In the RWG structure shown in FIG. 3A, when forming a mesa structure having a width of several μm by etching the upper cladding layer 305, etching is stopped above the active layer 302. Since the active layer portion is not etched, excessive damage to the active layer is not caused, which is advantageous in terms of highly reliable operation of the laser. On the other hand, in the BH structure shown in FIG. 3B, when forming a mesa, etching is performed deeply enough to a portion below the active layer 310. Further, a high-insulating semiconductor layer 316 is again buried in both sides of the mesa including the active layer. Therefore, sides of the active layer may be damaged during mesa etching, and its quality may be degraded. Particularly, in the active layers including an InGaAlAs material for 1.3 μm wavelength band containing high-content Al atoms, a chemically robust oxides is formed at the side of the active layer after the mesa etching process. As a result, a better buried hetero epitaxial growth is disturbed. Therefore, in order to overcome this difficulty, a special treatment for the side of the active layer is often necessary just before a crystal growth, and, thus, it is not easy to realize highly reliable operation of the laser.
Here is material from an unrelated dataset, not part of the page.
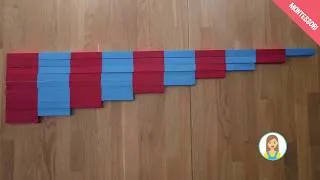 Miniature : Fabrication des Barres Rouges et Bleues - Montessori mathématiques 3-6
Further, as described earlier, when integrating slant reflectors in the window region, in order to increase its reflective efficiency of the laser beam and allow the laser beams to focus on the lens effectively, a precise control of the etching angle of the slant reflector is indispensable. Since the slant reflectors are formed by dry etching or wet etching, when considering the controllability of the etching angle, it is preferred that a surface of the window region before etching should be flat. When comparing the RWG structure with the BH structure from this point of view, the surface of the window region of RWG structure in which the p-InP cladding layer 303 is re-grown on a surface where the active layer 302 and the InGaAsP layer 306 are smoothly joined in lateral direction, is more flatter than that of the BH structure in which the semi-insulating InP buried layer 316 is re-grown on a surface with a large thickness difference of more than 2 μm formed by mesa etching. It is preferred that the surface is flat in terms of manufacturing an laser with a high yield in the manufacturing process to be followed. Therefore, for the short cavity type of a laser, when comparing the RWG structure with the BH structure in terms of reliable operation and surface flatness, it is understood that the RWG structure is more advantageous than the BH structure.